I didn’t hear but rather felt the people, the history whispering their stories.  We went to see the Papal audience with Pope Francis and was almost in touching distance.  He picked up a child, a smiling boy who reminded me of my grandson.  This mass was warm, intelligent, holy.  I felt hope.  

 We went to Florence and saw the David.  Amazing.  The detail was staggering.  As an artist I observed this famous piece of art from an esthetic point of view and also from a technical point of view. We went to an all-day painting class in which a professor --that studied in an acclaimed Florence Academy of Arts—taught us traditional techniques in still life and portraiture.   

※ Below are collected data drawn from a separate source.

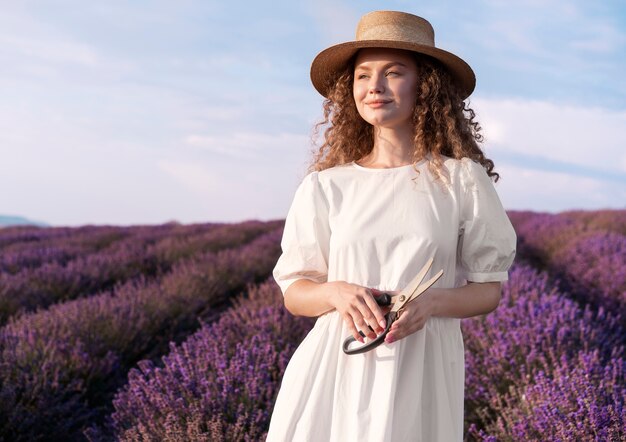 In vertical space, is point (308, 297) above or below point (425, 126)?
below

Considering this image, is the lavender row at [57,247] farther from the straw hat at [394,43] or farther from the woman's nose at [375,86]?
the woman's nose at [375,86]

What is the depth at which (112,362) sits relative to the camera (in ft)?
13.4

After arriving back to Rome briefly we traveled to Assisi and Orvieto. These two places were one of the most favorite places I have been too.  It was quaint and warm and lovely. In St Francis chapel there was a center section that had a mesh around various sundry items like baby pacifiers, shoes and the like.  It was a shrine of people that have passed.  Spontaneously,  I took my mother’s scarf off which I had been wearing around my neck and pushed it through the mesh.  I felt so happy and I felt a part of my departed mother’s spirit was with St. Francis.  I felt radiant peace. It was all so mystical and I felt love throughout all the incredible impressions. This quote came to my mind from the book: “The Inner Eye of Love” that William Johnston wrote when he was talking about love and mysticism which was the pulse and heart beat during in my Journey to Italy: ”Mysticism is a question of love, a love which arises in the heart in answer to a call, a love which leads through the darkness of the cloud of unknowing to the great mystery which is light in itself but darkness to us. Saint Teresa of Avila speaks of occasions in which the inspiration to pray for another rose spontaneously and unexpectedly in her heart. “  It was bittersweet coming back home.  I missed my children, grandchildren, friends and pets.  I missed my form I was use to.  The memory is in my cells now.  The hunger for more in the depth of my soul.